Description of the task
Beginning with the line containing "Used VOLVO A40E STRIPPING FOR SPARES" and ending with the line containing "Riviera Polo Orange", write out each line of the records below exactly; pictures and lines outside that range are left out.

Captioned web images
Content starts

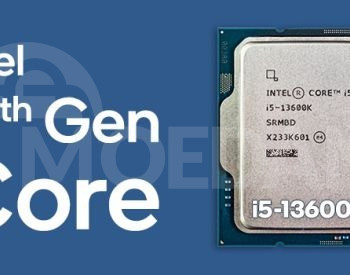 Процессор Intel Core i5-13600K Core i5 13th 3,5 ГГц LGA 1700 Тбилиси - изображение 2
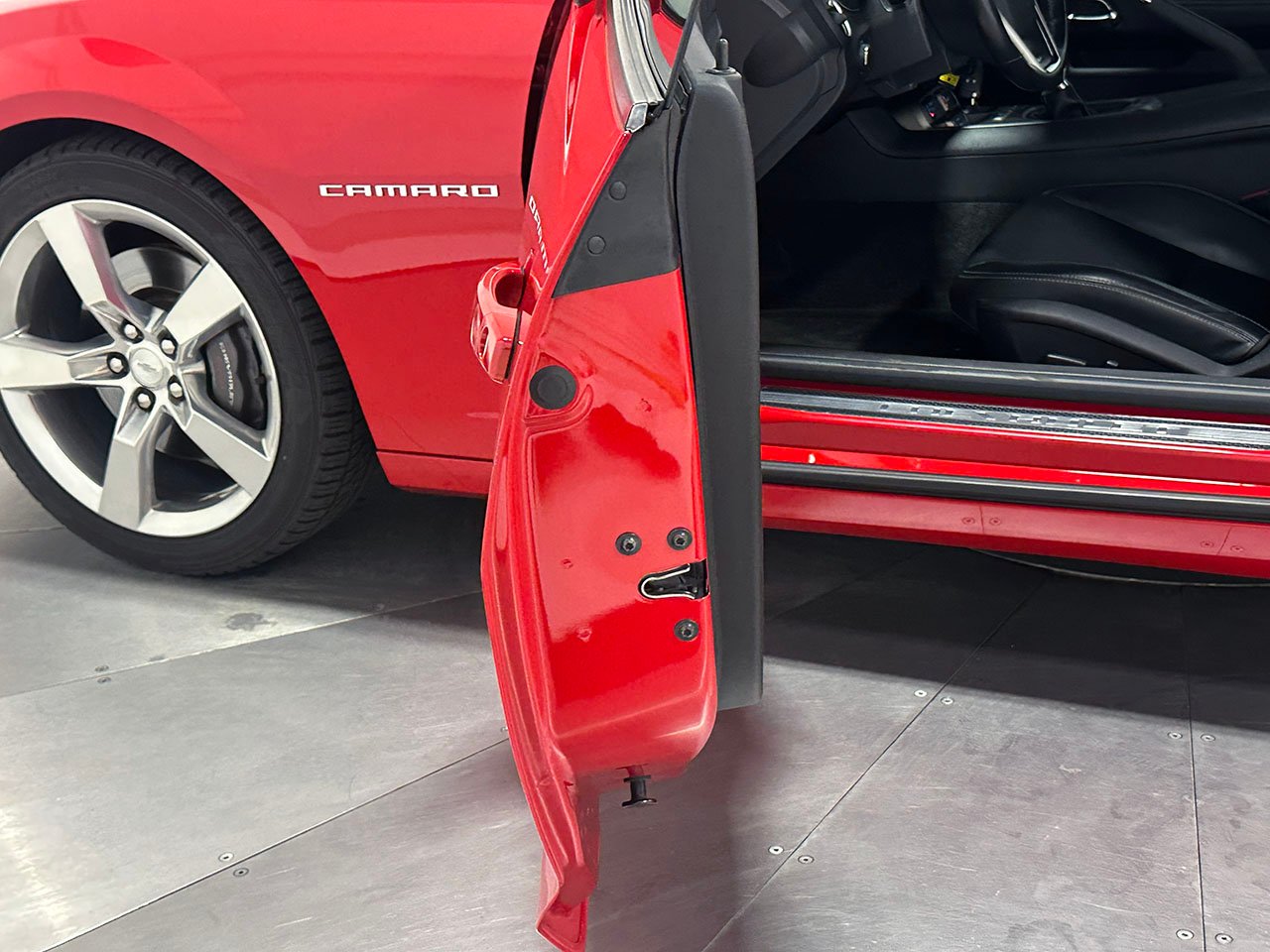 For Sale 2012 Chevrolet Camaro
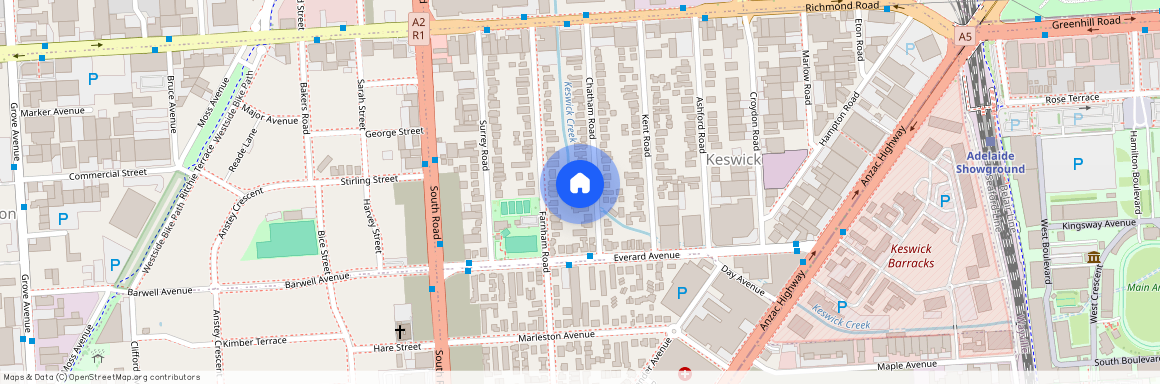 2/40-44 Chatham Rd, SA 5035, Keswick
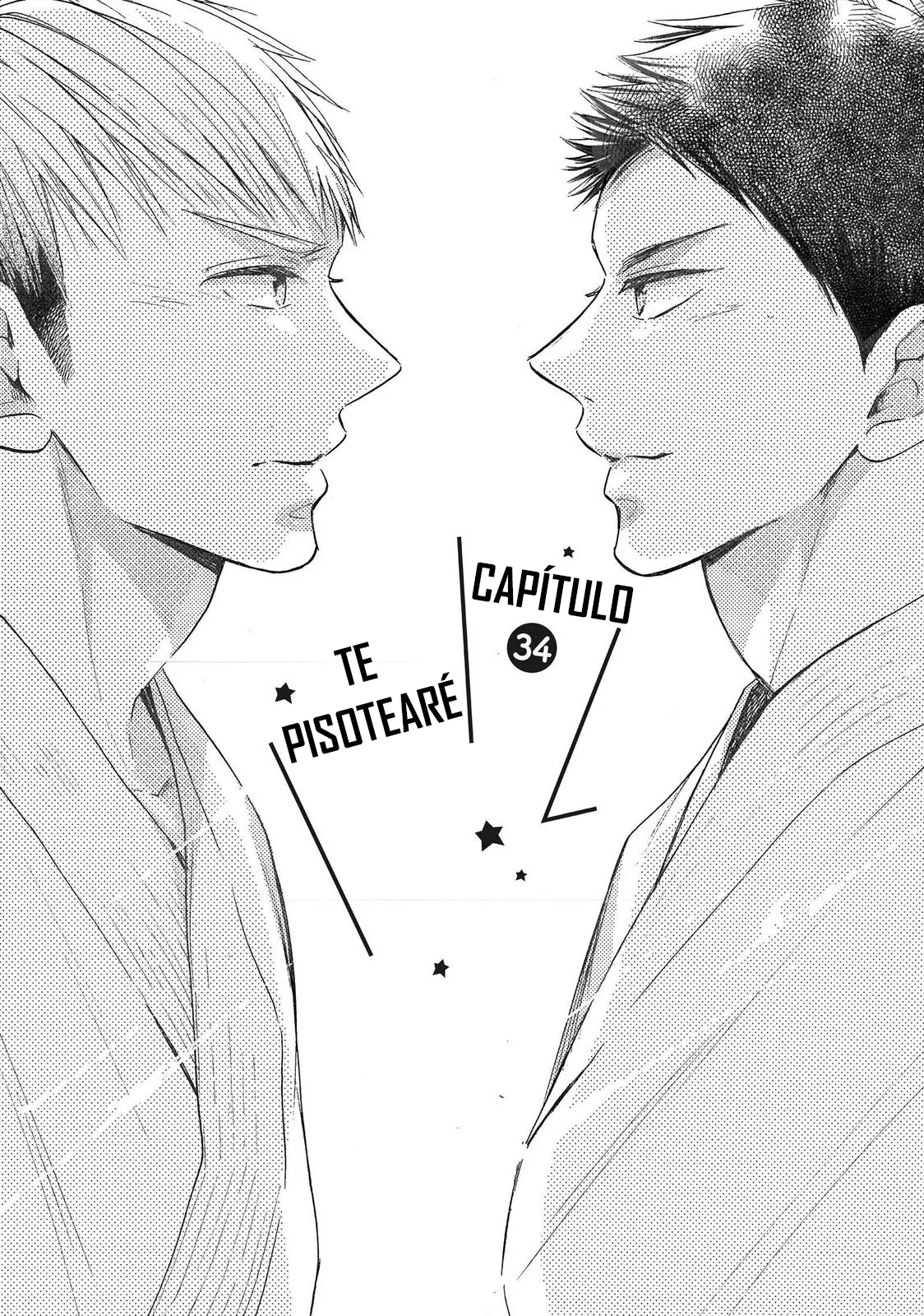 Abe-kun ni Nerawaretemasu Capítulo 34 - Page 3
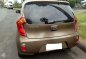 Kia Picanto Manual 2015 for sale-0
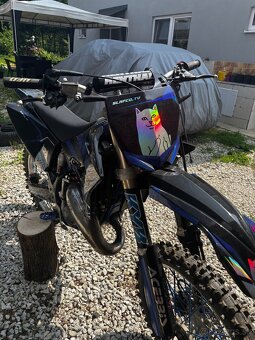 yamaha yz125 2t 2004 - 6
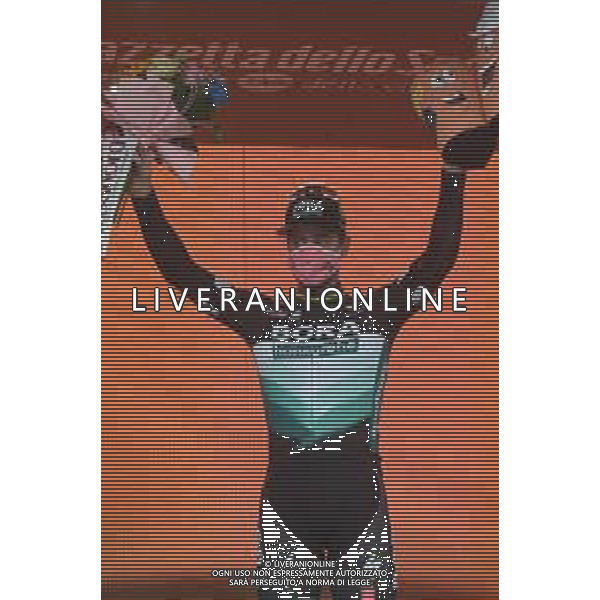 13-10-2020 Giro D\'italia; Tappa 10 Lanciano - Tortoreto; 2020, Bora - Hansgrohe; Sagan, Peter; Tortoreto; ©SIROTTI / AGENZIA ALDO LIVERANI SAS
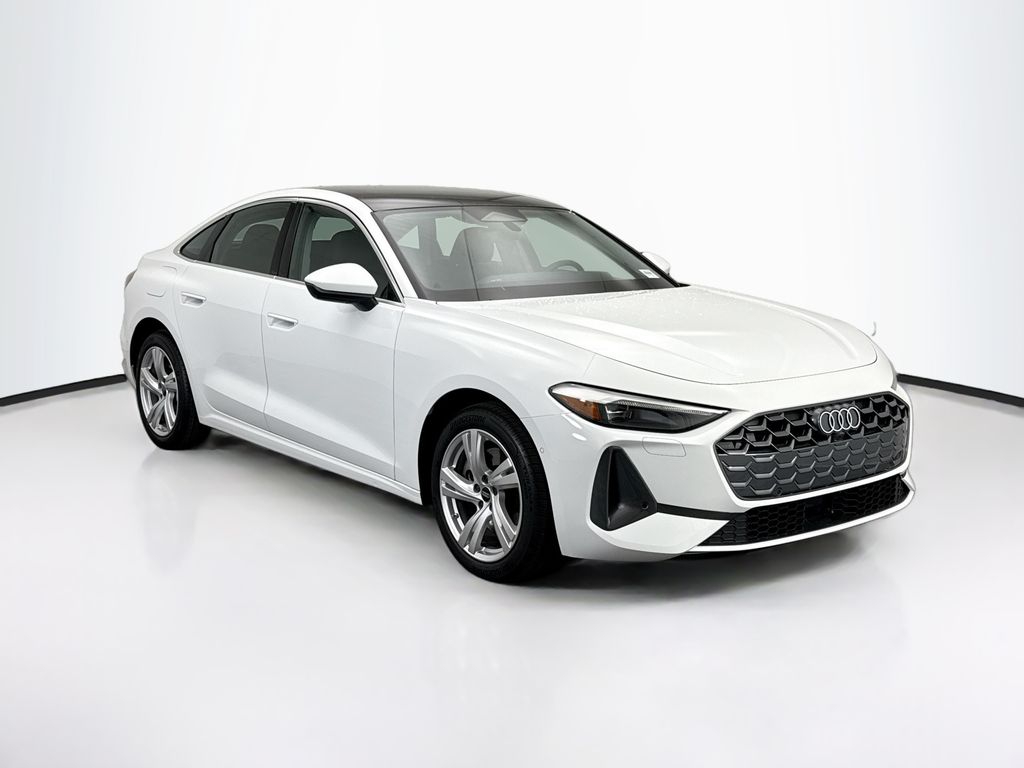 Thumbnail: 2025 Audi A5 - 3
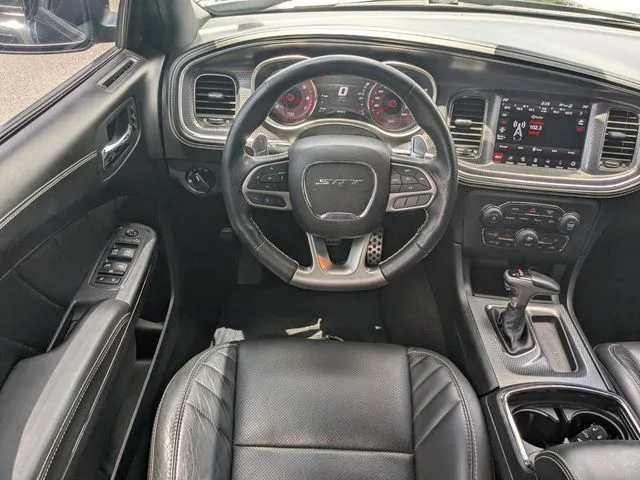 Used 2020 Black Dodge SRT Hellcat image 14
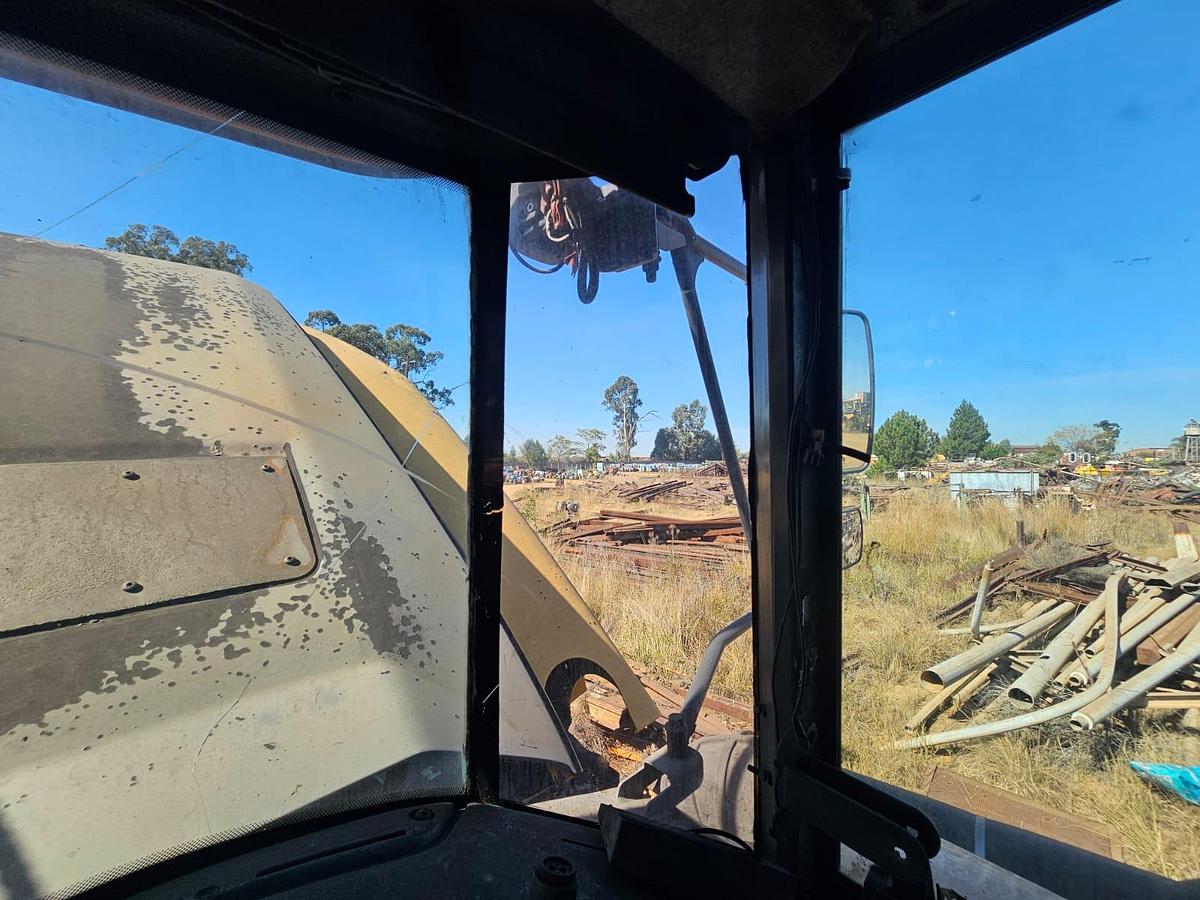 Used VOLVO A40E STRIPPING FOR SPARES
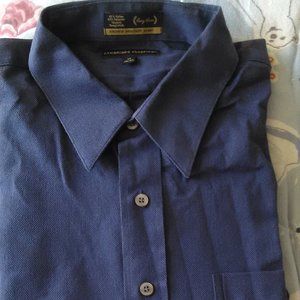 Shirt Blue Cambridge Classics
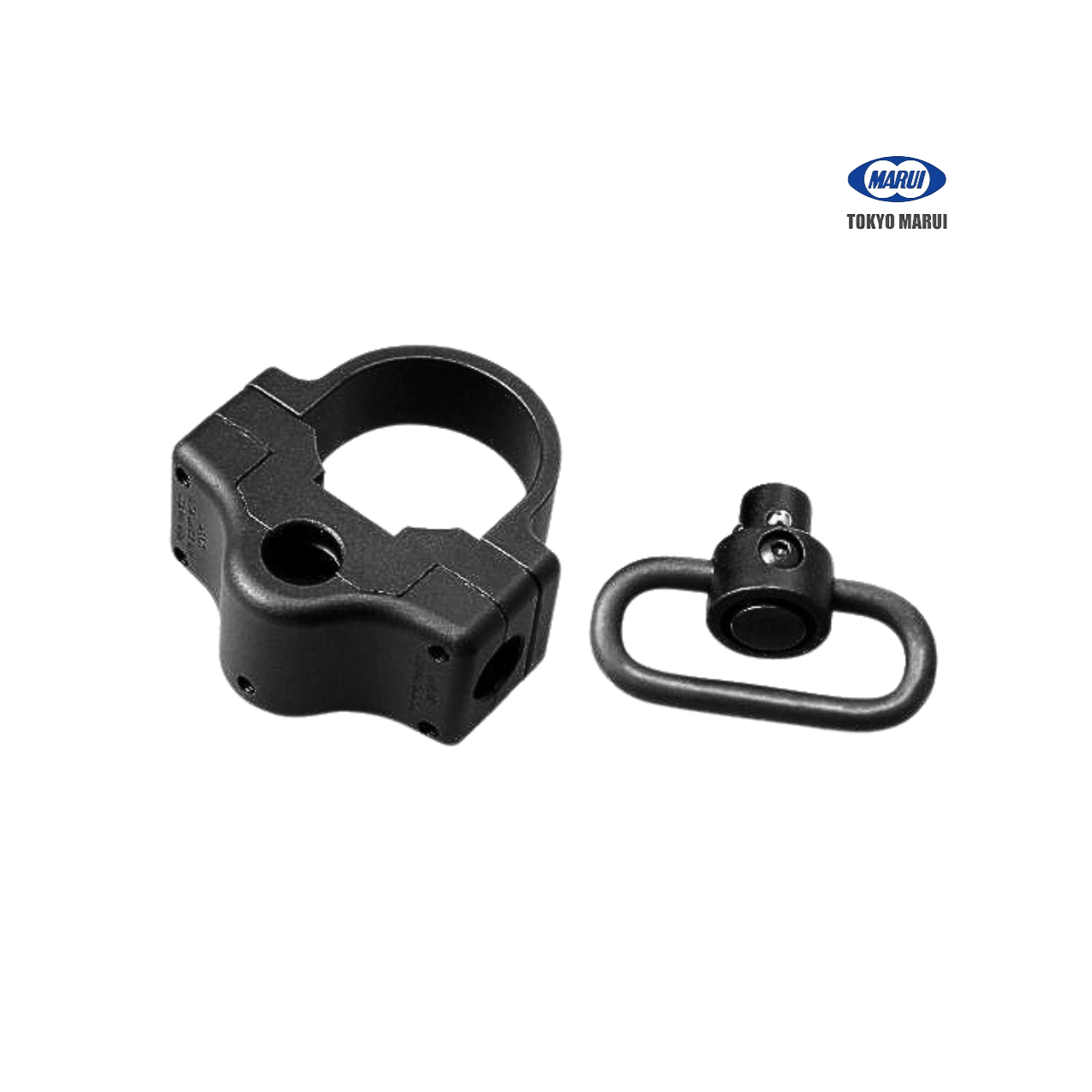 Tokyo Marui Rear Sling Adaptor Swivel for M4 and SOPMOD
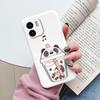 Flowers Case For Redmi A1 A2 Back Cover Cartoon Owl Cute Heart Painting Capa Soft Silicone Fundas For Xiaomi RedmiA1 Plus A3 A5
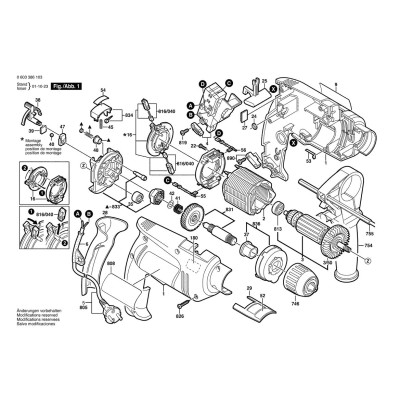 Bosch - PSB 650-2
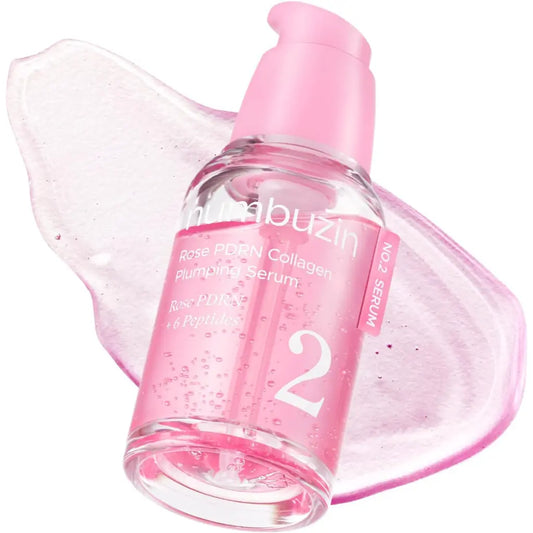 numbuzin No.2 Rose PDRN Collagen Plumping Serum 30ml
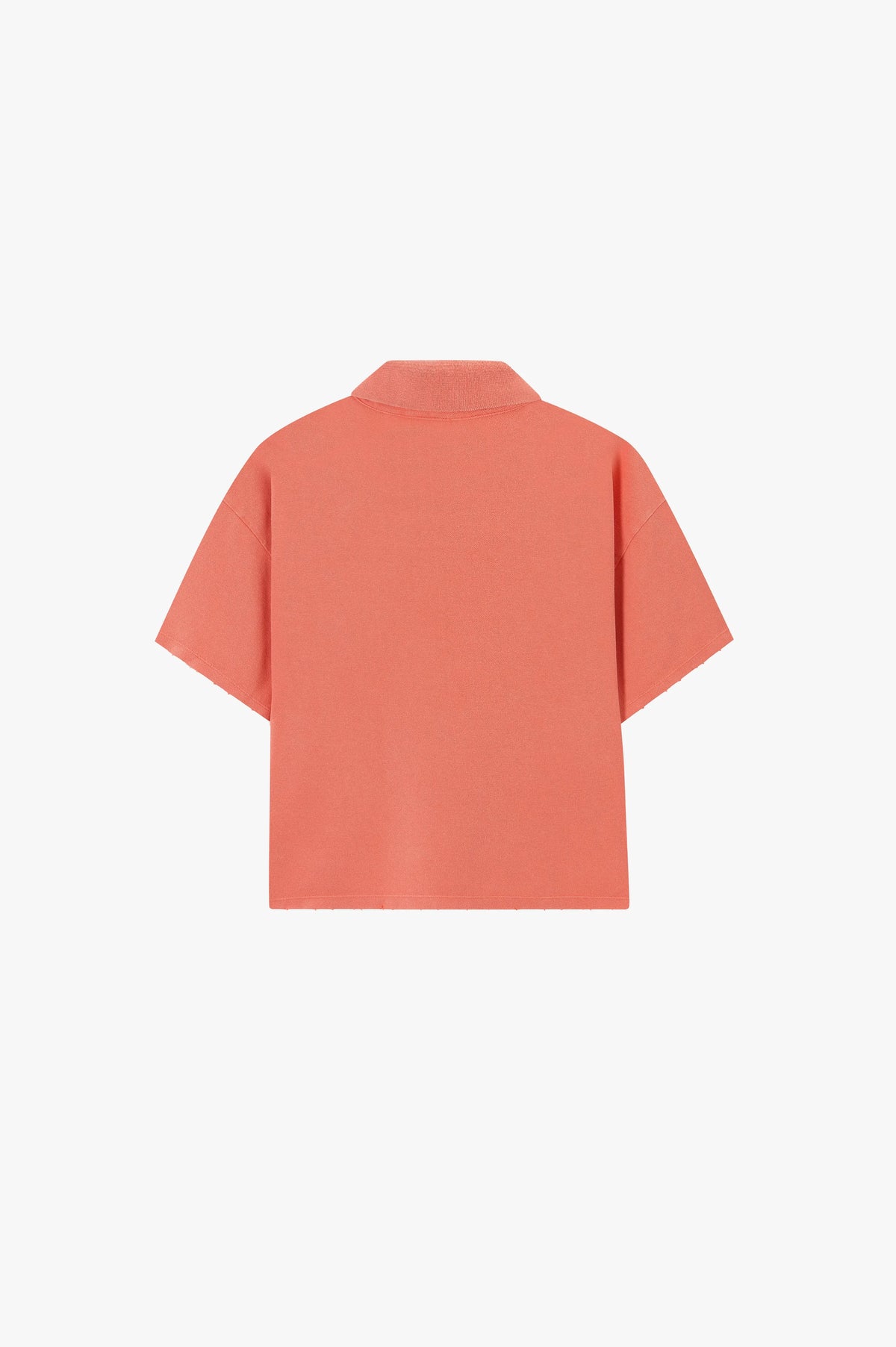 Riviera Polo Orange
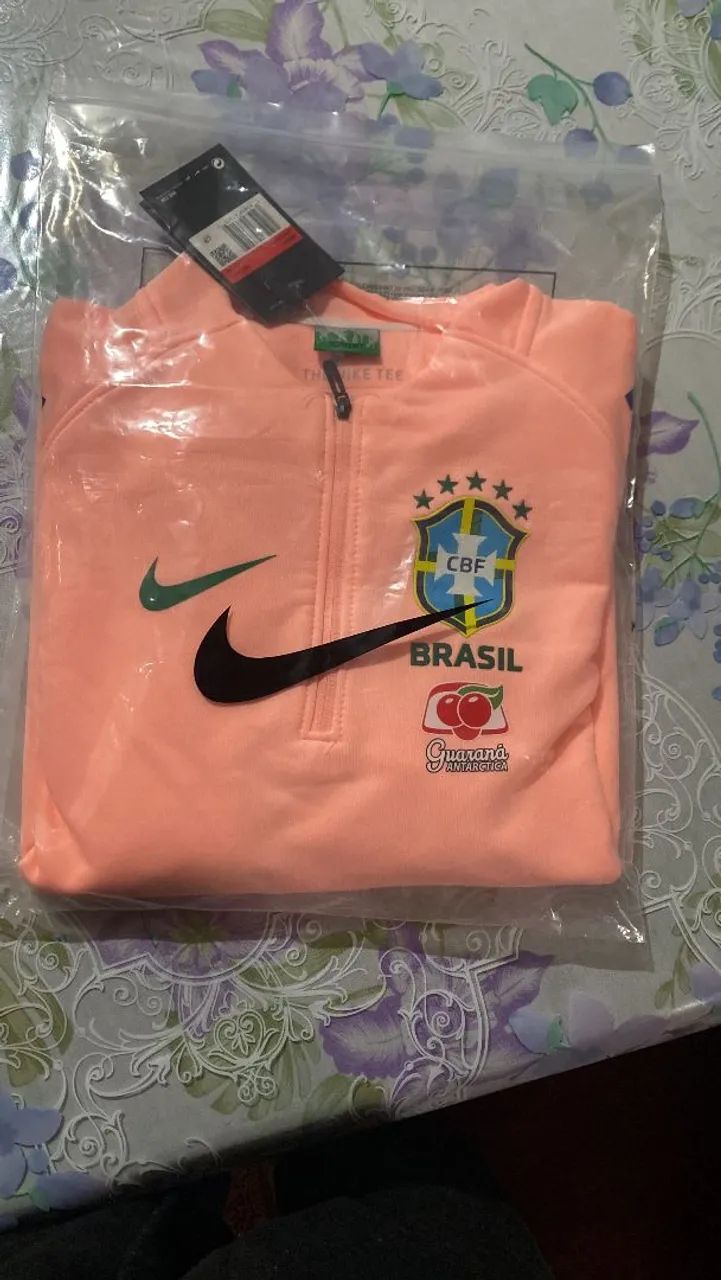 Blusa de treino Brasil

Content ends

Your solution
 Used VOLVO A40E STRIPPING FOR SPARES
 Shirt Blue Cambridge Classics
 Tokyo Marui Rear Sling Adaptor Swivel for M4 and SOPMOD
 Flowers Case For Redmi A1 A2 Back Cover Cartoon Owl Cute Heart Painting Capa Soft Silicone Fundas For Xiaomi RedmiA1 Plus A3 A5
 Bosch - PSB 650-2
 numbuzin No.2 Rose PDRN Collagen Plumping Serum 30ml
 Riviera Polo Orange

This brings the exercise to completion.